L’interactivité est chargée avec plus d’une heure de suppléments. L’élément le plus conséquent est l’entretien (44’) avec Maxime Lachaud, auteur du livre Redneck movies : Ruralité et dégénérescence dans le cinéma américain (Rouge Profond, 2014). L’essayiste et journaliste français semble peu à l’aise devant la caméra et peine à donner de l’intérêt à ses propos. Il présente ici l’origine des rednecks, leur apparition dans la littérature et au cinéma (avec des titres qui font envie), avant de devenir une vraie figure de la culture pop. Maxime Lachaud intervient également sur le film qui nous intéresse avec quelques informations sur le tournage, les réalisateurs et le casting. Si l’ensemble manque de rythme, on y trouve les informations qu’on espérait y glaner, donc le bilan est positif.

Nous passons à un « making of » qui s’avère un entretien avec les deux réalisateurs, réalisé en 2012 (19’). Confortablement assis dans leur résidence en Floride, le couple Sebastian, Beverly et Ferd, répondent aux questions des fans. Les conditions de tournage sont abordées, les souvenirs s’enchaînent. Beverly explique que le rôle principal a été écrit spécialement pour Claudia Jennings, tandis que Ferd explique comment certaines séquences ont été tournées, avec seulement une caméra Arriflex 35mm harnachée.
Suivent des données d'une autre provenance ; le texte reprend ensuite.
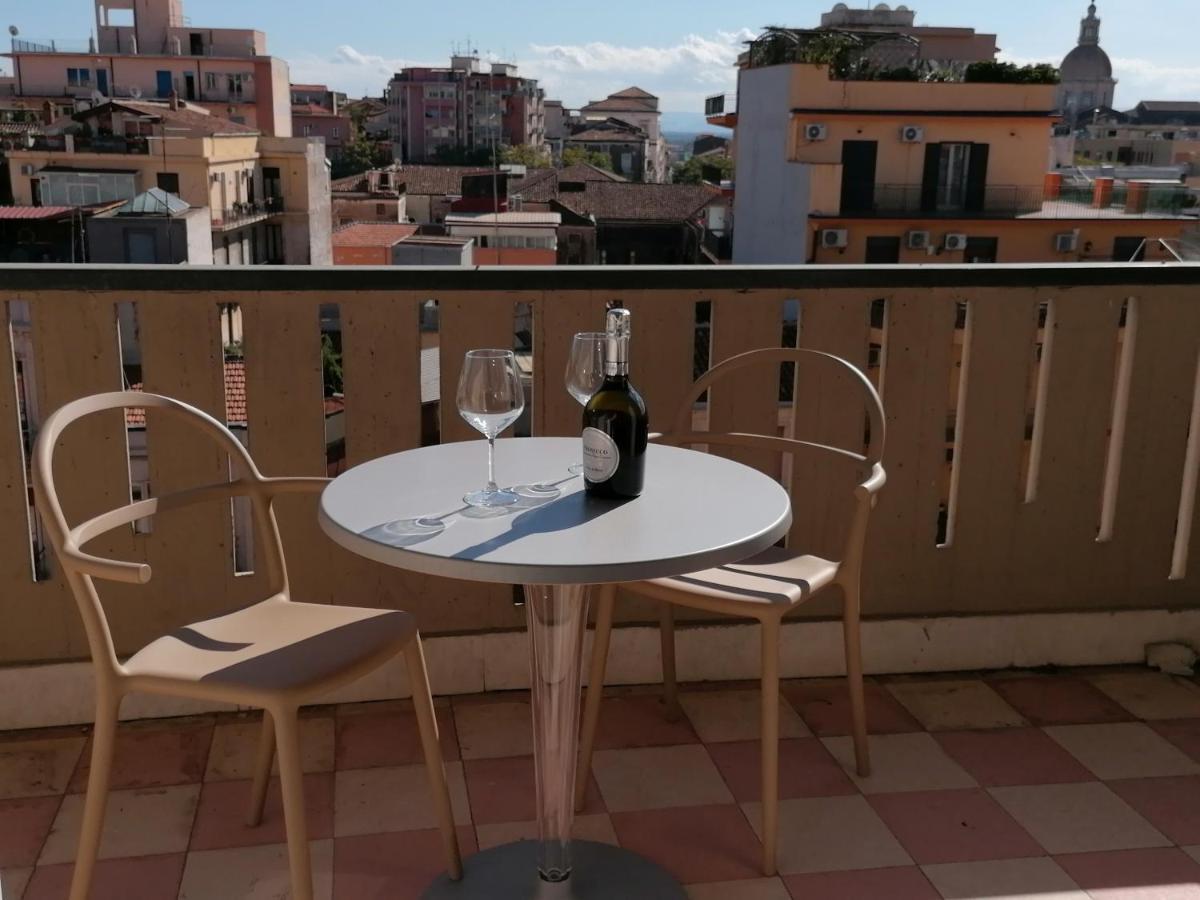 Inner City De Luxe Apartment Catánia Buitenkant foto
Nous sommes plus sceptiques concernant le bonus suivant, à savoir le « témoignage » de Beverly et Ferd Sebastian (12’), qui font ici la promo pour leur association destinée à sauver les chiens lévriers (qui aident également à la réhabilitation des prisonniers), tout en voulant apprendre à créer un « partenariat » avec Jésus, qui selon Ferd a entendu ses prières et l’a sauvé d’une mort imminente alors qu’il était tombé très gravement malade du coeur. Ferd avoue qu’il avait refusé que ses films, « violents et sexuels », ressortent au cinéma ou soient exploités en VHS et DVD, suite à cette expérience miraculeuse. Jusqu’à ce qu’il ait enfin trouvé la « paix intérieure », ou que l’argent venait à manquer, mais ça Ferd ne le dit pas.

Nous trouvons ensuite un spot vidéo (1’30), un document collector pour la sortie française en VHS des Marais de la haine, distribuée par Paramount sous la bannière CIC Vidéo.
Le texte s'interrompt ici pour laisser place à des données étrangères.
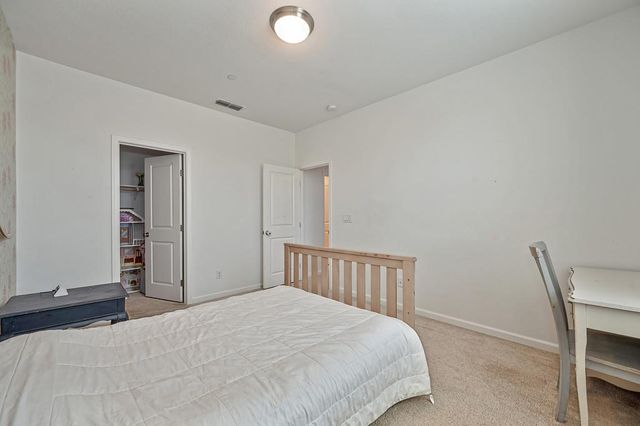 1054 Sagittaria Cir, Rocklin, CA 95765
L’interactivité se clôt sur les bandes-annonces française et anglaise qui racontent tout le film.

L’Image et le son

Selon Ferd Sebastian, une copie en excellent état des Marais de la haine aurait été retrouvée dans les archives de la Paramount. Une restauration était selon lui inutile. Le résultat fait penser à un transfert d’une VHS sur DVD. Toutefois, la propreté est effectivement éloquente, malgré quelques petits points blancs. L’image est stable, mais la définition est sans cesse aléatoire. Au cours d’une même séquence, un champ-contrechamp apparaît tantôt flou, tantôt net avec un piqué suffisant. La colorimétrie est volontairement boueuse et délavée, sensiblement dorée dans les marécages et la photo signée Ferd Sebastian lui-même est assez bien restituée. Les conditions sont donc remplies pour (re)découvrir Les Marais de la haine dans des conditions dignes de celles d’un drive-in. Le master est au format 1.37 original respecté.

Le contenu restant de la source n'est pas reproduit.